Urate urocystoliths, which are usually small, round and smooth, can be removed from the bladder using urohydropulsion during urination. However, the success of this procedure depends on the size of the uroliths, the diameter of which should be smaller than the most narrow part urethra. Therefore, dogs with pSS should not undergo this type of stone removal.

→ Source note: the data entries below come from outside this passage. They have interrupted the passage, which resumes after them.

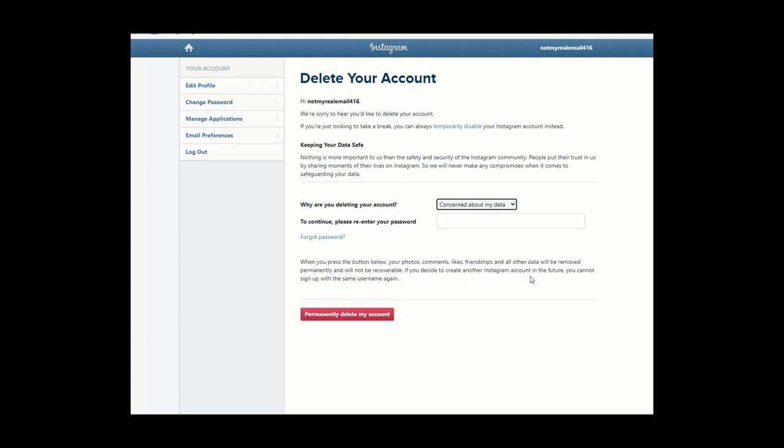That's how you disable and delete your Instagram account. Thank you for watching this video. Don't forget to subscribe to this channel and like this video — there will be more videos coming up, so I'll see you shortly. Thank you.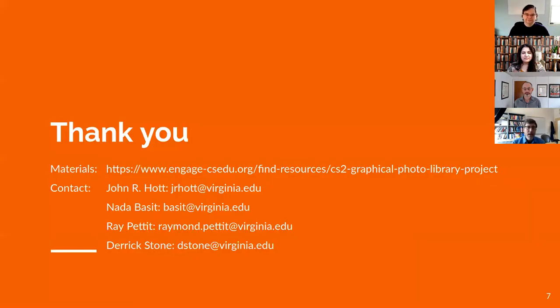Thank you for watching this presentation. We hope this assignment is useful to you. If you have any questions or comments, please feel free to contact us. Our contact information is given here. Thank you.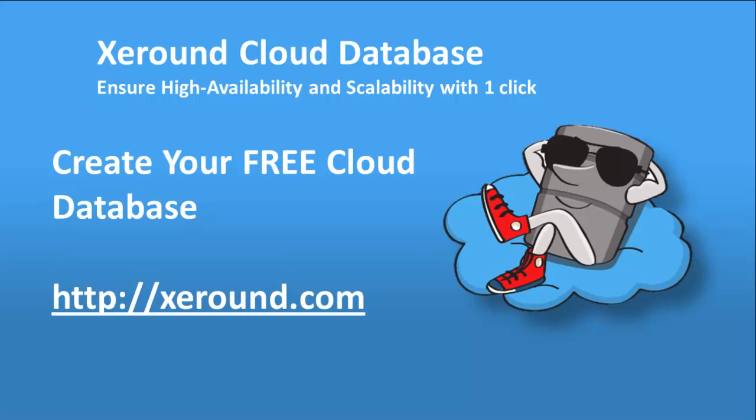Additional features such as API access, backup and restore, and others make Xeround the most powerful database as a service for your MySQL applications.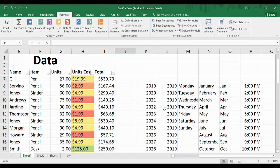Hey guys, welcome back to the YouTube channel Programming Knowledge. In today's Microsoft Excel tutorials video, we are going to see how we can apply different types of formulas in Microsoft Excel. I'm going to show you the different ways so you can judge for yourself which way is the simplest or which way you like the most.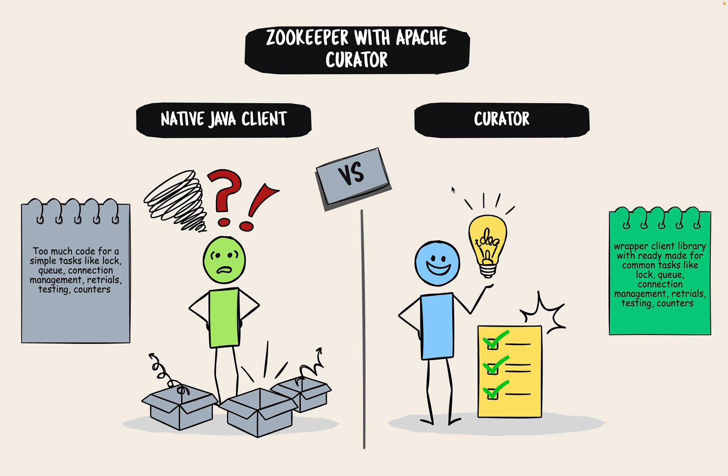Hello everyone. If you check out Apache Zookeeper, you would realize it's an amazing tool. You can do a lot of distributed tasks using Zookeeper, be it a distributed lock or queue. A lot of things can be done using Zookeeper.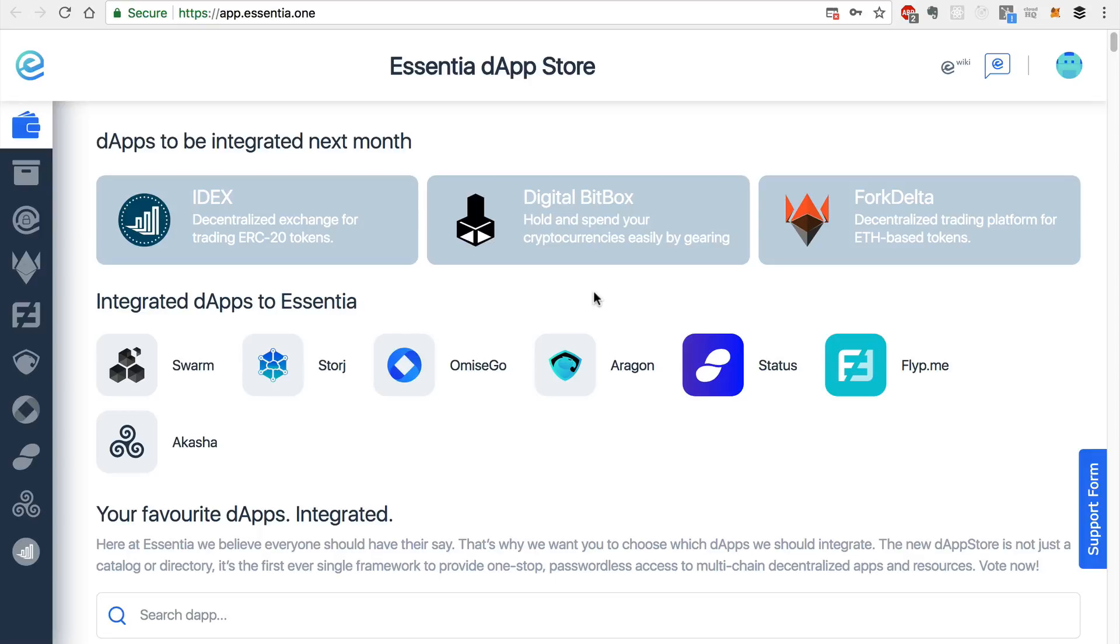So again, check out app.essentia.1 and be sure to subscribe to the channel for more videos like this, where I'm showing you cutting edge decentralized technology as soon as it comes out. And until then, thanks for watching Dapp University.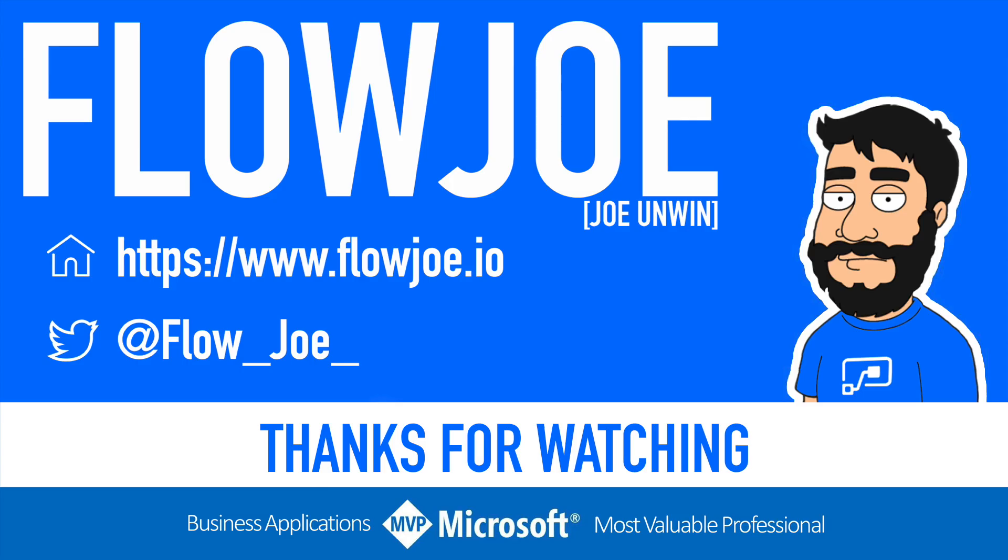That's it for me, Flow Joe. Check out my blog at flowjo.io for more guides on the Power Platform. And don't forget to subscribe to my YouTube channel and hit that like button if you enjoyed the video. Thanks for watching.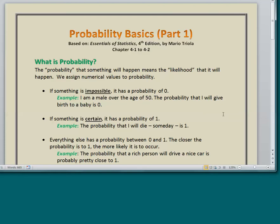If something is certain, it has a probability of 1. The example here is the probability that I will die someday — hopefully not soon — is 1. Everybody dies. Everything else has a probability between 0 and 1. At one extreme you have things that are impossible, at the other extreme things that are certain, and everything else is in between. The closer a probability is to 1, the more likely that event will occur. For example, the probability that a rich person will drive a nice car is probably pretty close to 1 — it's almost certain.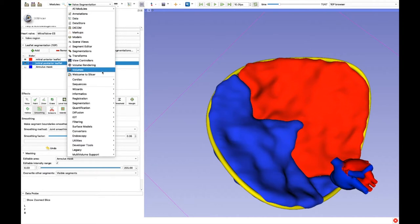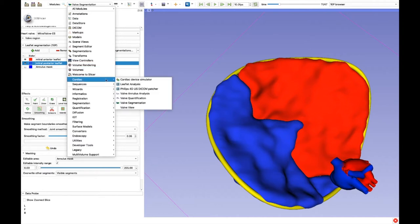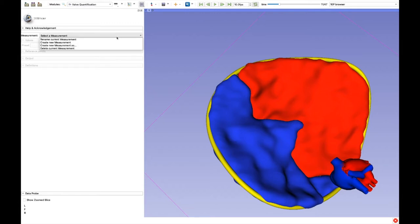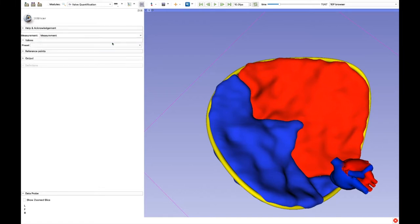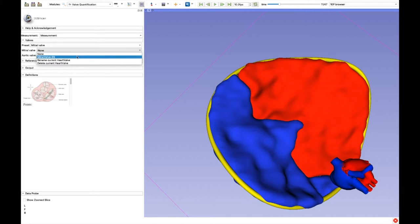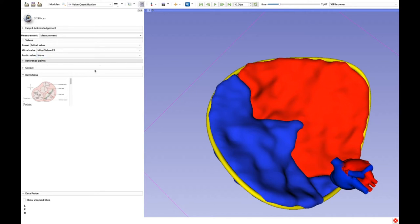At last we can proceed to the measures. We create a new set of measures, we select Mitral Valve, and we place all the reference points.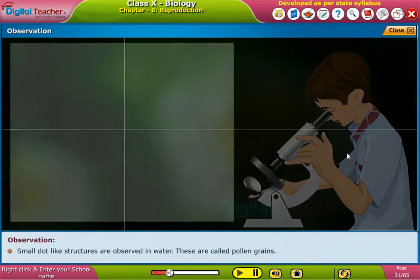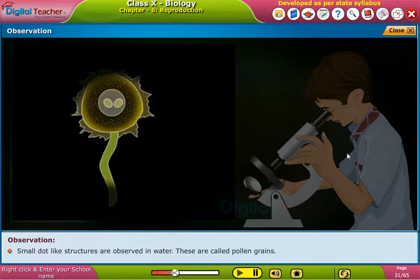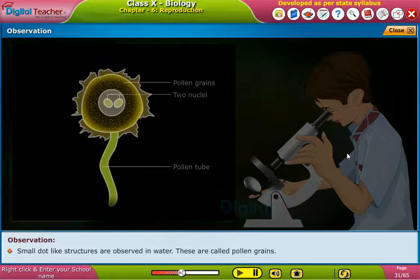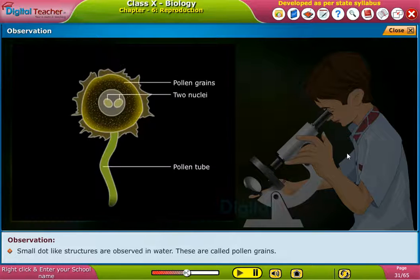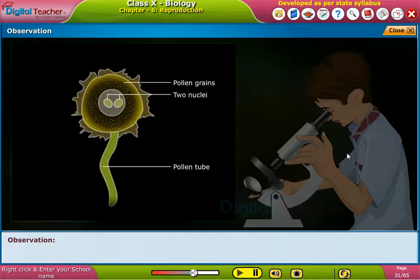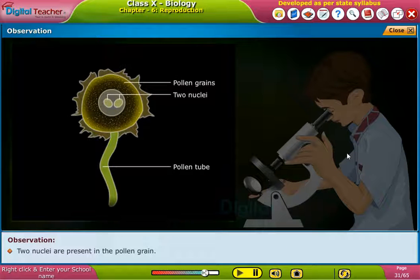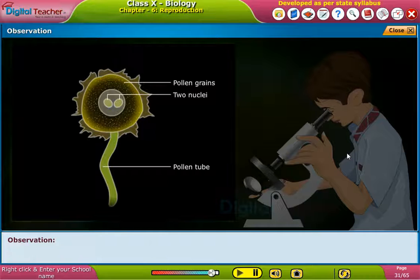Small dot-like structures are observed in water. These are called pollen grains. Two nuclei are present in the pollen grain. It has a pollen tube.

Since drug dissolution is ineffective, clinically active stones must be removed surgically. If possible, stones should be removed during surgical correction PSS. If the stones are not removed at this point, then hypothetically it can be assumed that in the absence of hyperuricuria and a decrease in the concentration of ammonia in the urine after surgical correction of pSS, the stones can dissolve on their own, since they consist of ammonium urates. New research is needed to confirm or refute this hypothesis. Also, the use of an alkaline diet with low purine content may prevent the growth of existing stones or promote their dissolution after ligation of psci.

Prevention

After ligation of the PSS, ammonium urate ceases to precipitate if normal blood flow passes through the liver. However, for animals in which PSS ligation cannot be performed, or where PSS is partially ligated, there is a risk of the formation of ammonium urate uroliths. These animals require constant monitoring of urine composition to prevent the precipitation of ammonium urate crystals. In case of crystalluria, additional preventive measures must be taken. Monitoring the concentration of ammonia in the blood plasma after feeding allows us to detect its increase, despite the absence clinical symptoms. Measurement of serum uric acid concentration also reveals its increase. Consequently, the concentrations of ammonia and uric acid in the urine of these animals will also be increased, increasing the risk of ammonium urate uroliths. In a study at the University of Minnesota, 4 dogs with inoperable pSS were treated with an alkalinizing, low-purine diet. (PrescriptionDietCanineu/d, Hill'sPetProduct, TopekaKS), which led to a decrease in the saturation of urine with ammonium urates to a level below their precipitation. In addition, the symptoms of genatoencephalopathy disappeared. These dogs lived for 3 years without recurrence of ammonium urate uroliths.

If preventative measures are necessary, a low-protein, alkalinizing diet should be used. The use of allopurinol is not recommended for dogs with pSS.